▶ _Given material_:
=====

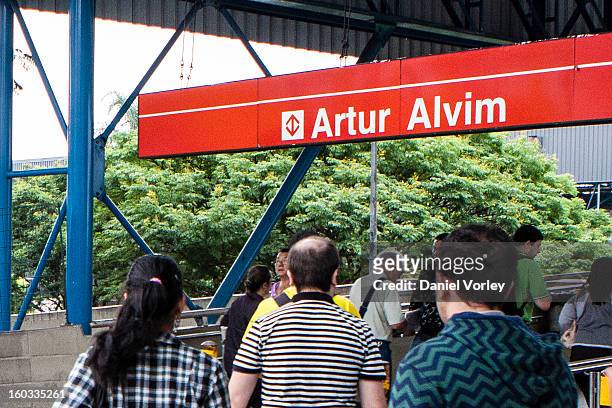 Passengers walk to the train station Arhur Alvim on January 29, 2013 in Sao Paulo, Brazil.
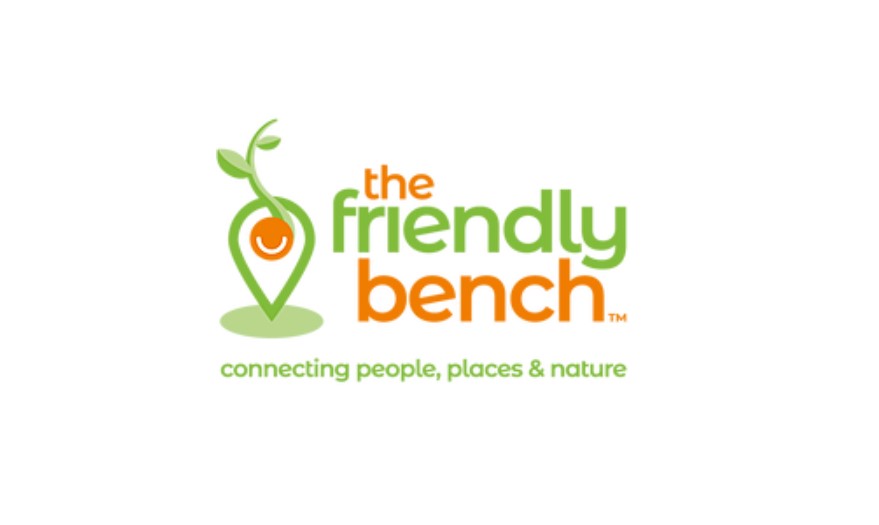 The friendly bench logo with green and orange text on white background alongside graphic of seedling growing out of digital map place tag icon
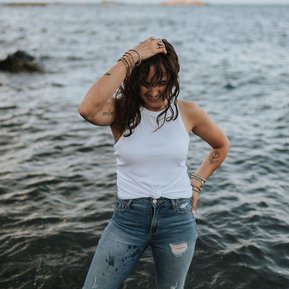 Boston family photographer Korri Leigh Crowley stands in the ocean and smiles while wearing jeans and white tank top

=====

▶ _Your assignment_: Write out the whole listing again, exactly, with no pictures.

▶ _Written solution_:
 Passengers walk to the train station Arhur Alvim on January 29, 2013 in Sao Paulo, Brazil.
 The friendly bench logo with green and orange text on white background alongside graphic of seedling growing out of digital map place tag icon
 Boston family photographer Korri Leigh Crowley stands in the ocean and smiles while wearing jeans and white tank top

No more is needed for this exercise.